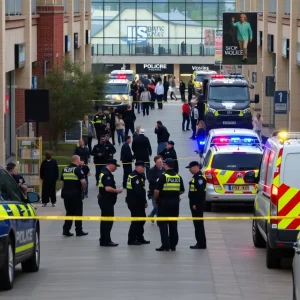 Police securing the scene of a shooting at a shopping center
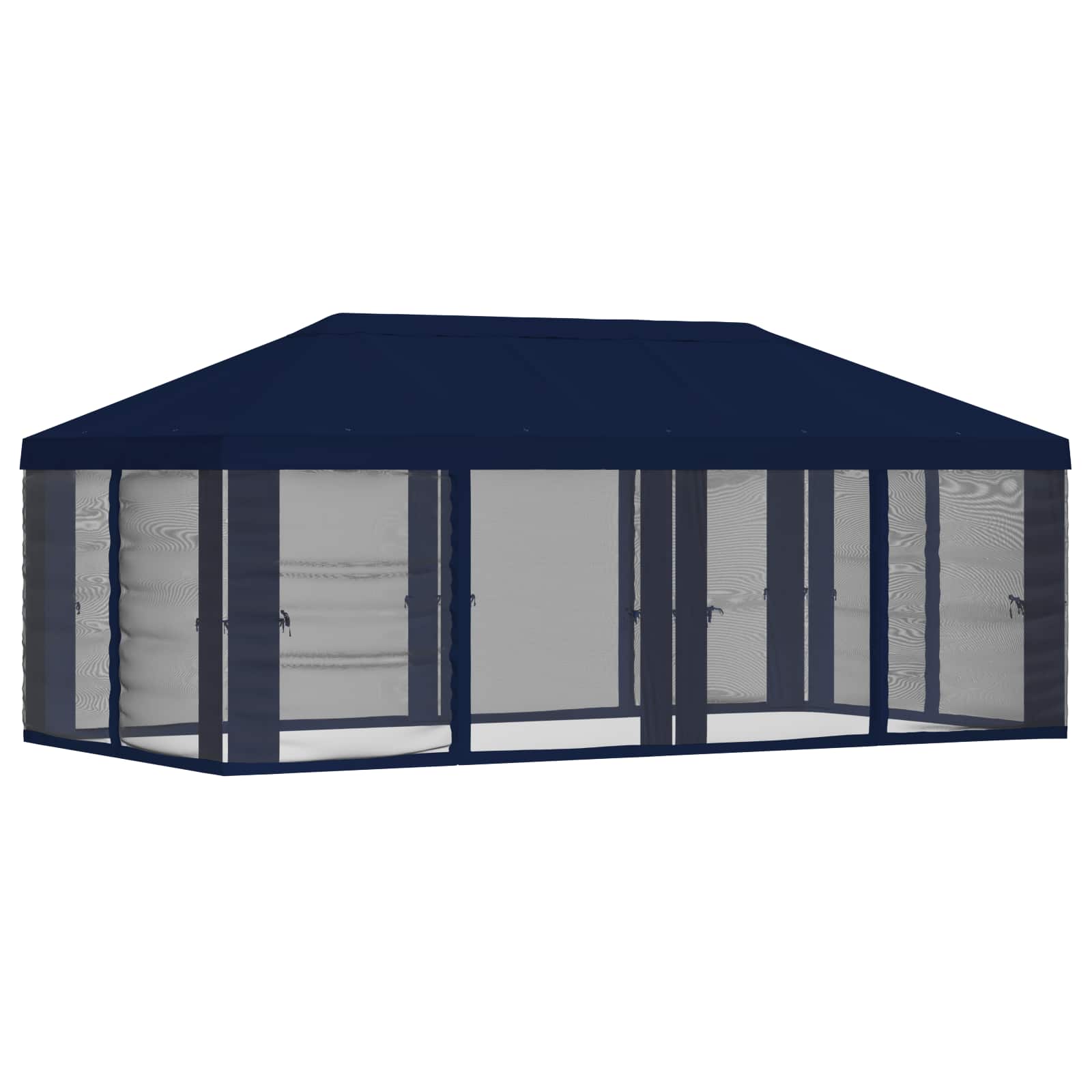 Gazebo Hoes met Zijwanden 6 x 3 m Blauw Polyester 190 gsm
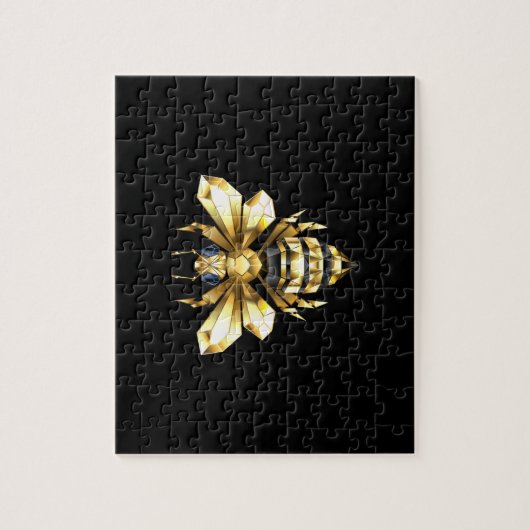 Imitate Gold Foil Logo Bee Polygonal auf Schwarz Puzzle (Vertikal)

*-*-*

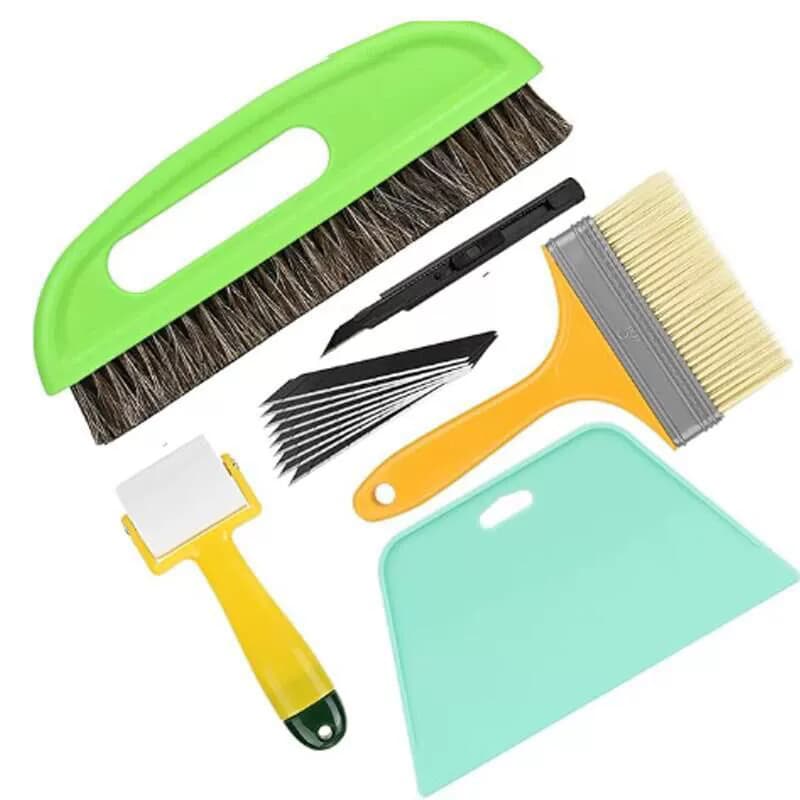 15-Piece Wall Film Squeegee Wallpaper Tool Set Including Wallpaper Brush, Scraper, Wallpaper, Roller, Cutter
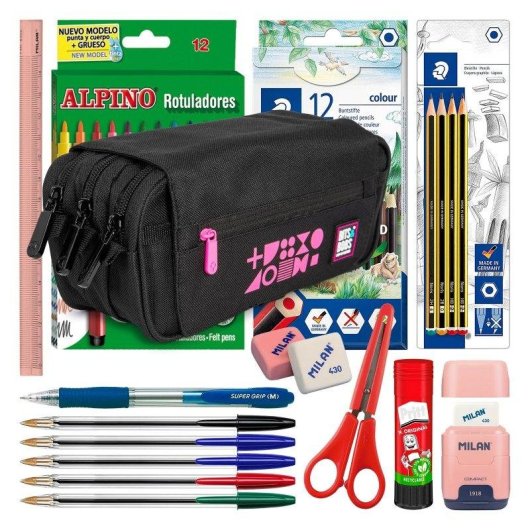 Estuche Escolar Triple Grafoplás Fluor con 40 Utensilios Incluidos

*-*-*

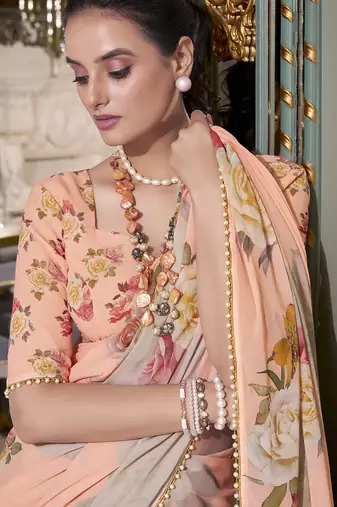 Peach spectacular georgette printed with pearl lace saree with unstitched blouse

*-*-*

** WHAT YOU HAVE TO DO **
Only the lines of the listing above from the one with "Police securing the" through the one with "Imitate Gold Foil" should be output, exactly, with both ends kept and pictures left out.

** OUTPUT BELOW **
 Police securing the scene of a shooting at a shopping center
 Gazebo Hoes met Zijwanden 6 x 3 m Blauw Polyester 190 gsm
 Imitate Gold Foil Logo Bee Polygonal auf Schwarz Puzzle (Vertikal)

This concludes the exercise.